Johannesburg — ANY move to devalue the rand would drive up food inflation and hit SA's poor the hardest, Pick n Pay chairman Gareth Ackerman warned yesterday.
The comments from the chairman of the country's second-largest supermarket chain came a day after official figures, showing a loss of 53 000 jobs in manufacturing in the second quarter, gave ammunition to trade unions and manufacturers that have called for a weaker rand to boost exports.
"SA is a net importer of food, and food commodity products are dollar-denominated. A wide range of foodstuffs - including bread, rice, coffee, tea and other staples - are all based on the dollar," he said. "Any attempt to devalue the rand will inevitably cause food inflation to rise rapidly again, hurting the poorest in our country, who are already under significant pressure from declining disposable incomes, rising costs and the threat of unemployment."

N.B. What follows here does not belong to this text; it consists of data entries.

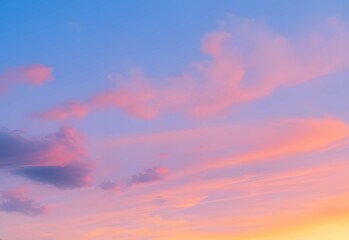 Obraz premium ドラマチックで美しい夕日のカラフルな雲と空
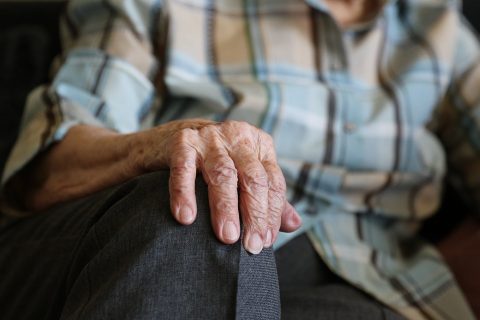 Пенсионеров захотели проверять по отпечаткам пальцев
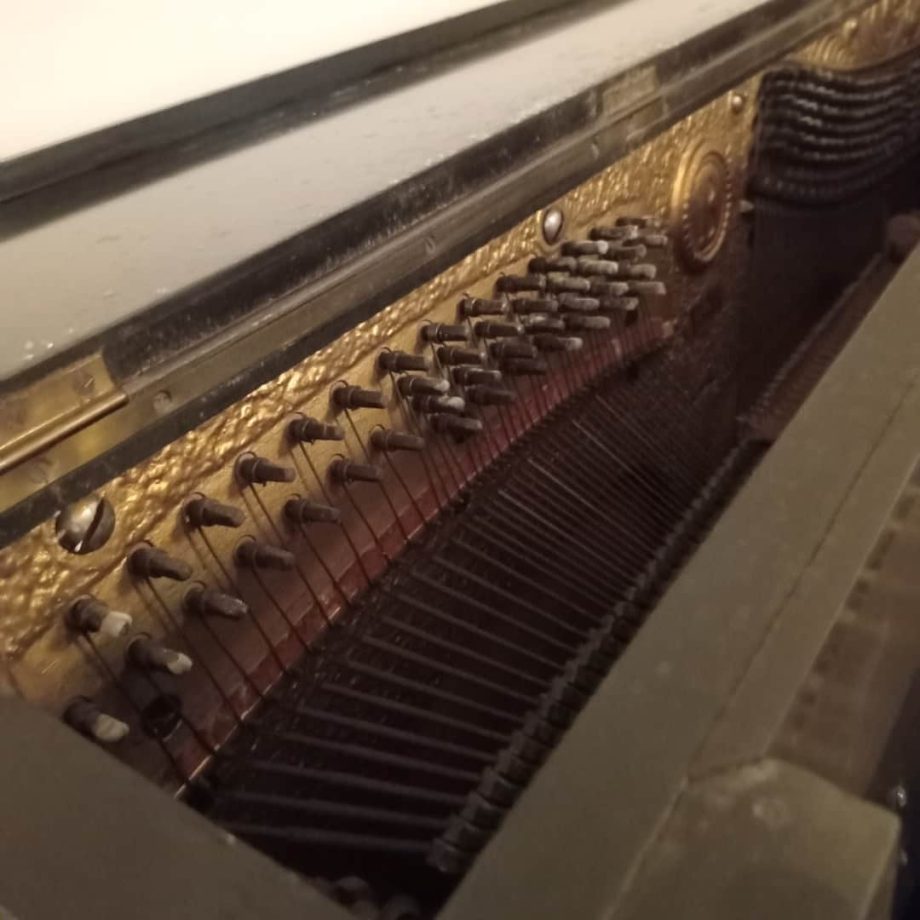 Piano + taburete
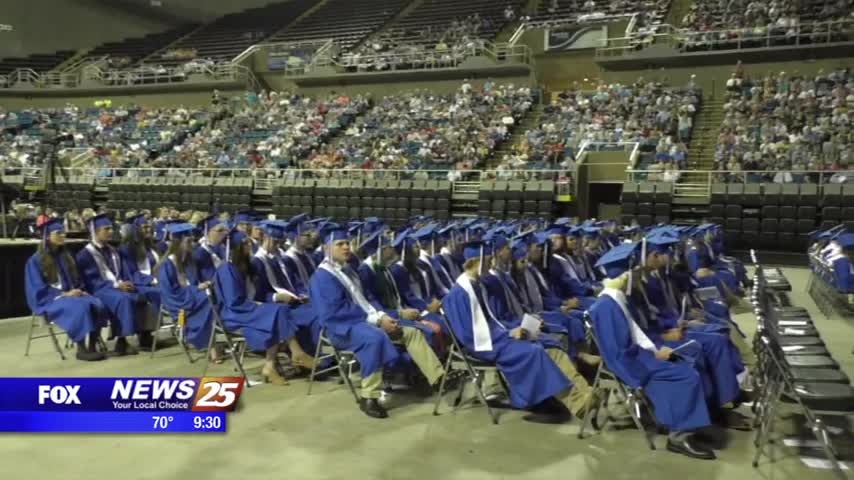 Vancleave High School commencement ceremony - WXXV News 25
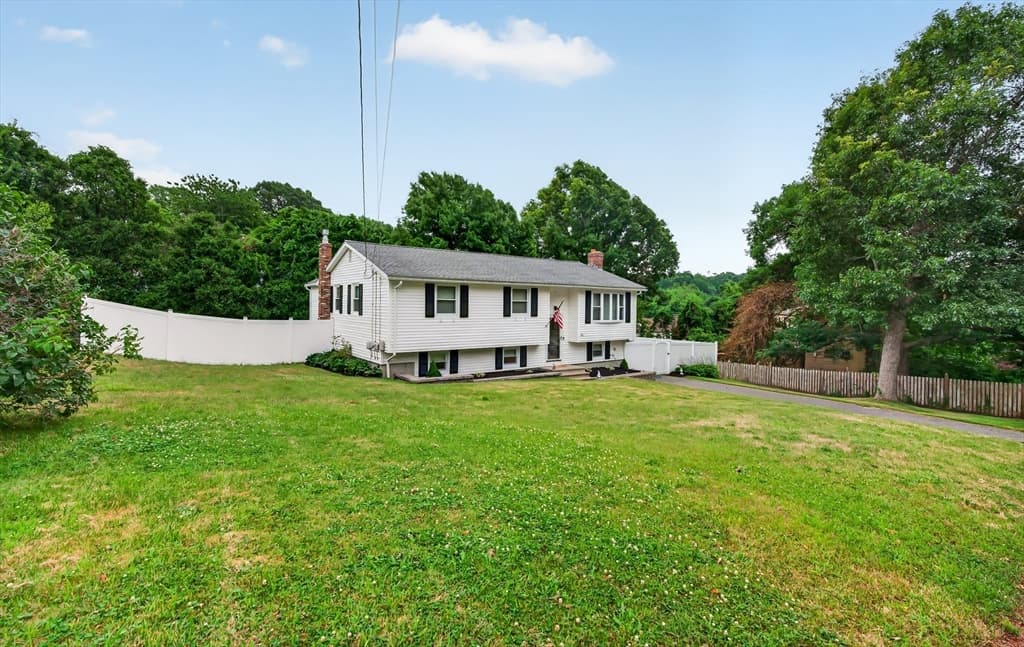 12 Clearwater Dr, Plymouth MA 02360 photo 34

Poor people spend much more of their income on food relative to wealthier ones. While food accounts for just 9,2% of household spending for the richest fifth of the population, for the poorest fifth it makes up 37,5%, official figures show. For pensioners - measured separately to the five income bands - food accounts for 18,4% of spending.
The effect of rand-led inflation will spread wider than food.
"One of the less obvious examples is electricity prices, where a weaker rand will make Eskom's capital goods imports more expensive (except for the bit for which they have taken out currency hedges), which will eventually push up electricity tariffs," said Elna Moolman, SA economist at brokers Renaissance BJM.
It was questionable whether any government would be able to lower the value of its currency far enough and for long enough to increase the level of imports, Dr Moolman said.
"We just do not have enough foreign exchange reserves. It is also a very costly exercise."
Assuming it were possible to lower the rand - which has already weakened from R5,67 to the dollar in January 2005 to R7,33 yesterday - there would be other risks.
"Whatever gains may be achieved through devaluation will prove short-lived, as wage demands increase to compensate for the increased costs from the weaker currency," Mr Ackerman said. "This cycle of spiralling wages and prices will eventually erode whatever advantages may flow from a depreciated rand."
Dr Moolman agreed: "Nominal rand depreciation does not help your competitiveness if it boosts inflation. In SA, the risk of a wage-price spiral is very high."